Via Joe Gregorio I found a post entitled Transactionless by Martin Fowler. Martin Fowler writes
A couple of years ago I was talking to a couple of friends of mine who were
doing some work at eBay. It's always interesting to hear about the techniques
people use on high volume sites, but perhaps one of the most interesting tidbits
was that eBay does not use database transactions.
...
The rationale for not using transactions was that they harm performance at
the sort of scale that eBay deals with. This effect is exacerbated by the fact
that eBay heavily partitions its data into many, many physical databases. As a
result using transactions would mean using distributed transactions, which is a
common thing to be wary of.
This heavy partitioning, and the database's central role in performance
issues, means that eBay doesn't use many other database facilities.
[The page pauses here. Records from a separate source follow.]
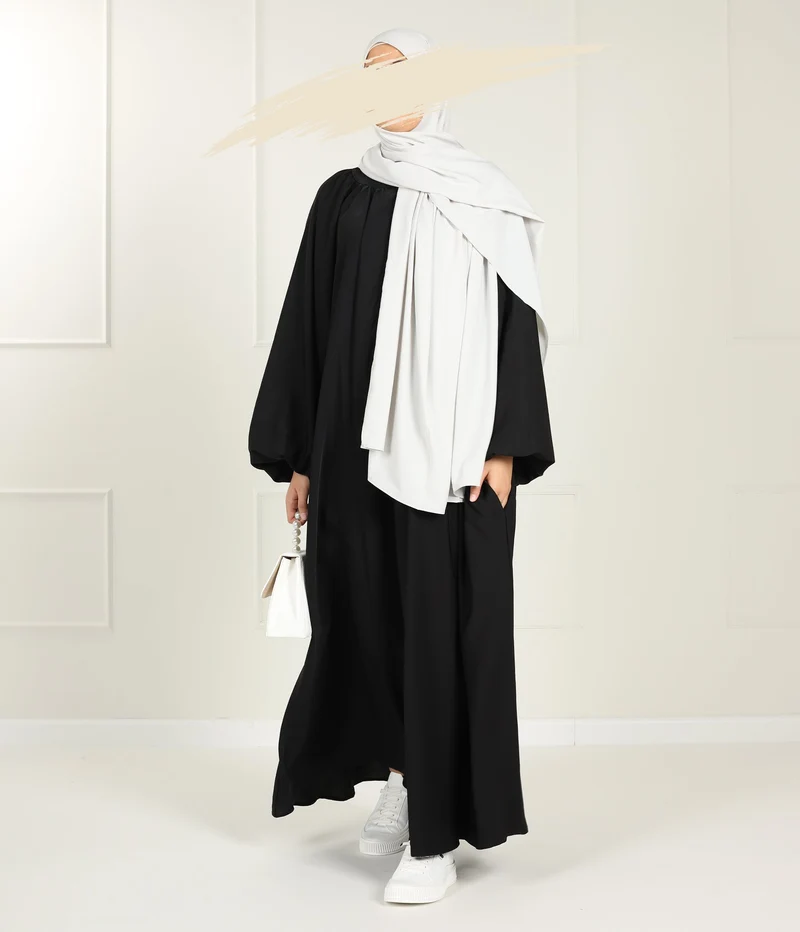 Bernsteinfarbenes Kleid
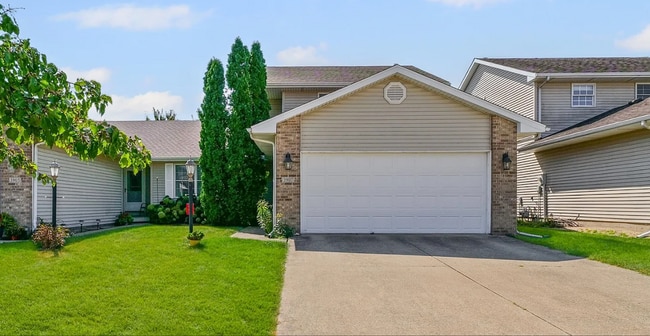 Building Photo - 3907 Aberdeen Dr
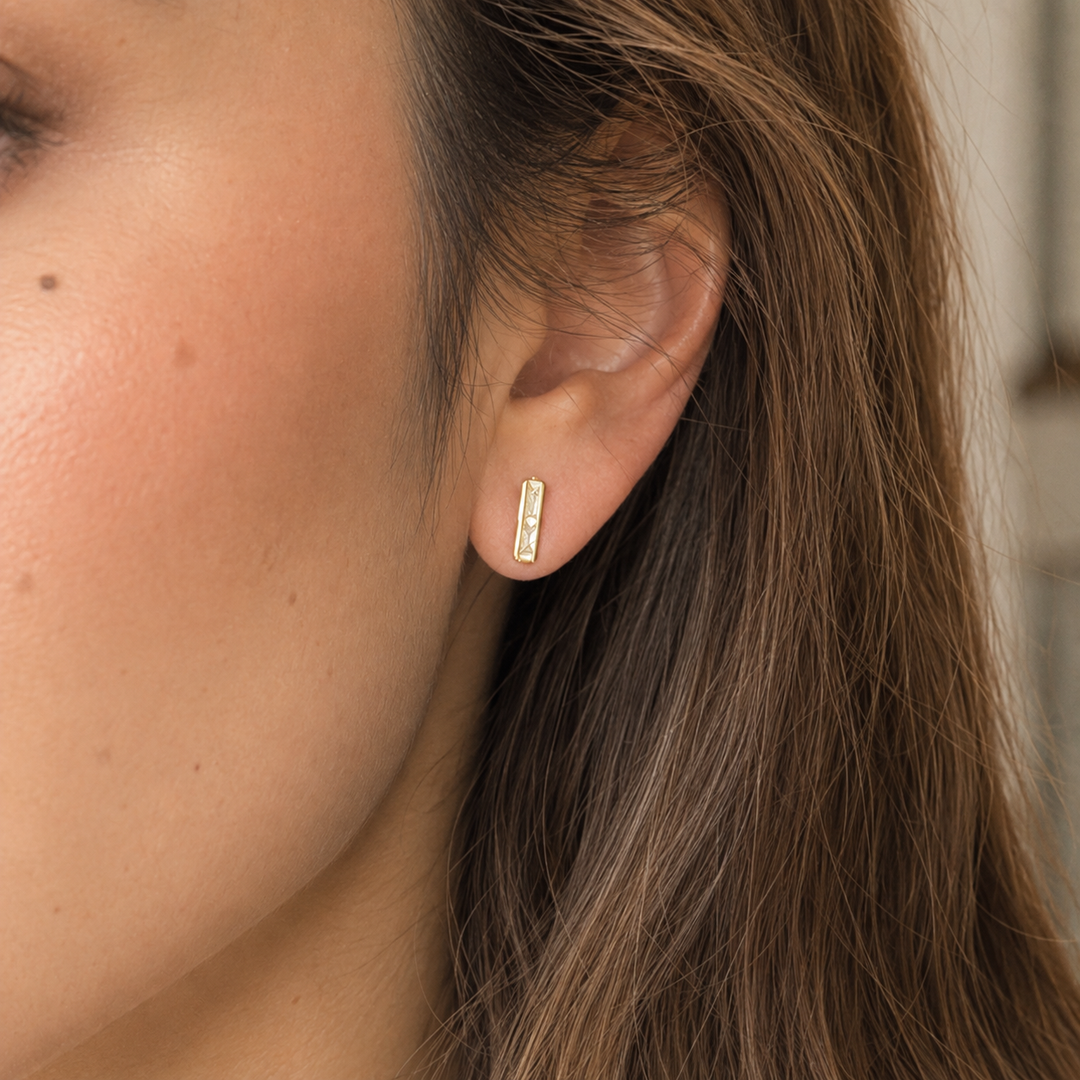 EFE52672. 14k Solid Gold Diamond Baguette Stud Earrings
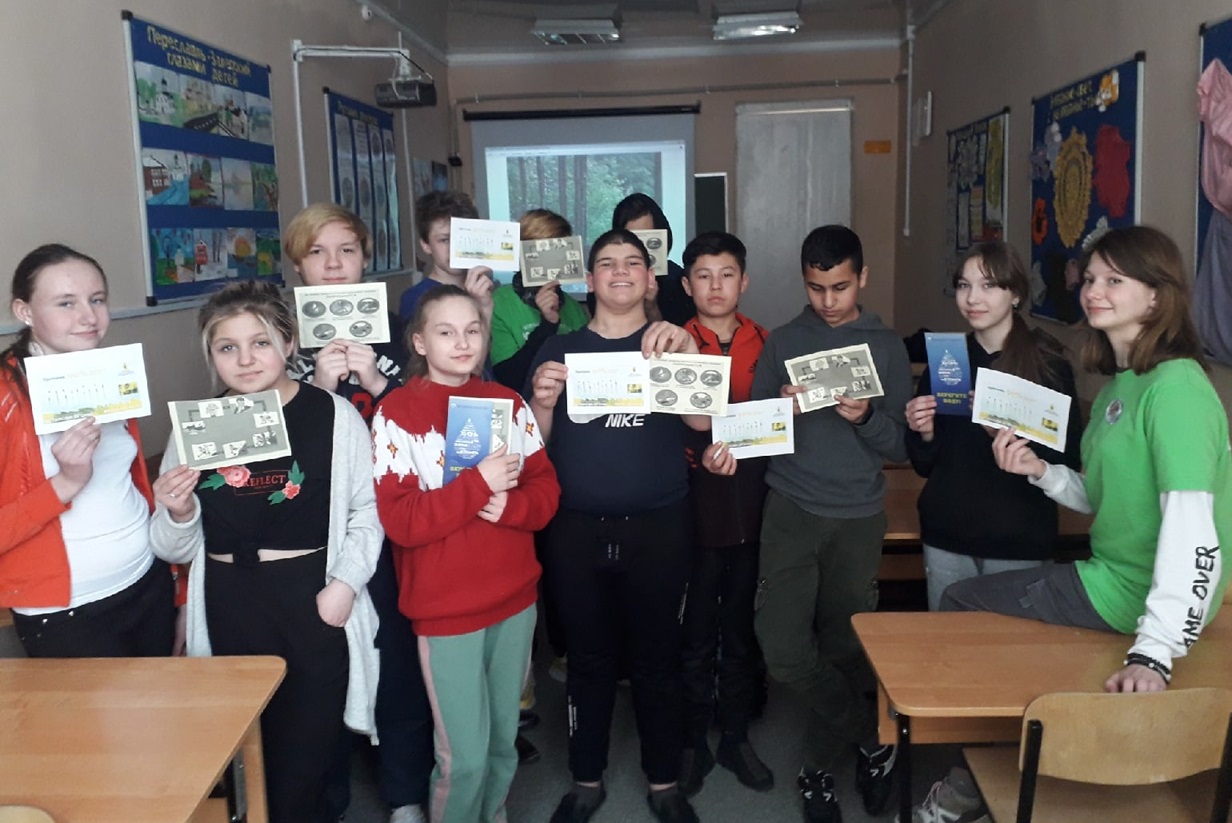 ​Участники кампании «Останови огонь!» проводят профилактические занятия со школьниками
Referential
integrity and sorting are done in application code. There's hardly any triggers
or stored procedures.
My immediate follow-up to the news of transactionless was to ask what the
consequences were for the application programmer, in particular the overall
feeling about transactionlessness. The reply was that it was odd at first, but
ended up not being a big deal - much less of a problem than you might think. You
have to pay attention to the order of your commits, getting the more important
ones in first. At each commit you have to check that it succeeded and decide
what to do if it fails.
I suspect that this is one of those topics like replacing the operations team with the application developers which the CxOs and architects think is a great idea but is completely hated by the actual developers. We follow similar practices in some aspects of the Windows Live platform and I've heard developers complain about the fact that the error recovery you get for free with transactions is left in the hands of application developers. The biggest gripes are always around rolling back complex batch operations.
I'm definitely interested in learning more about how eBay makes transactionless development as easy as they claim, I wonder if Dan Pritchett's talk is somewhere online?
The QCon conference wasn't even on my radar but if Dan Pritchett's talk is indicative of the kind of content that was presented, then it looks like I missed out. Looking at the list of speakers it looks like a conference I wouldn't have minded attending and submitting a paper for. I wonder if there'll be a U.S. version of the conference in the future?